Ditempa Tuhan Menjadi Batu Penjuru


oleh : Claudia Rosari Dewi

Dalam sepenggal cerita ini, aku ingin menceritakan bagaimana Tuhan benar-benar memintaku untuk dapat menjadi garam dan terang dunia melalui tempaan yang diberikan oleh-Nya. Pengalaman ditempa menjadi batu penjuru ini kudapati ketika aku duduk di bangku SMA. Aku adalah seorang siswi Katolik yang selama 12 tahun menuntut ilmu di sekolah negeri. Dari SD sampai SMA mengenyam bangku sekolah negeri dengan berbagai macam suka dan dukanya. Pengalaman ini menggemblengku menjadi seorang pribadi yang benar-benar baru dan berbuah lebat. Waktu SD hingga kelas 1 SMA, aku adalah seorang murid yang sangat pemalu dan pendiam. Tidak banyak yang memberikan perhatian kepadaku. Dari diriku sendiri memang aku merasa bahwa aku kurang percaya diri dalam bergaul dengan teman-teman sebayaku.
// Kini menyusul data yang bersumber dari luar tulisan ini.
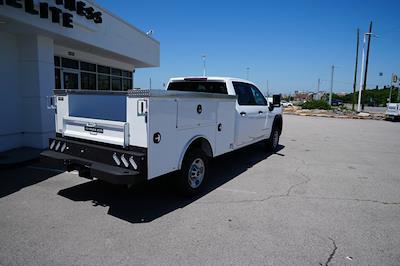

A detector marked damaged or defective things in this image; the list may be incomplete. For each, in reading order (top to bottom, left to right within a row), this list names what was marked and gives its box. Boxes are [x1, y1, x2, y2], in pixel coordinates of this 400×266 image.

Puncak ketidakpercayaan diri itu muncul ketika aku duduk di bangku SMA. Pengalaman berat kudapatkan dimasa ini, termasuk pengalaman bak mutiara juga ada di masa ini. Masuk SMA Negeri di Cirebon adalah tantangan tersendiri untuk murid-murid minoritas pasalnya Kota Cirebon ialah kota dengan mayoritas agama Muslim, tentu saja aku dan keluargaku yang notabene umat Katolik yang rajin juga merasa tidak nyaman dengan situasi tersebut.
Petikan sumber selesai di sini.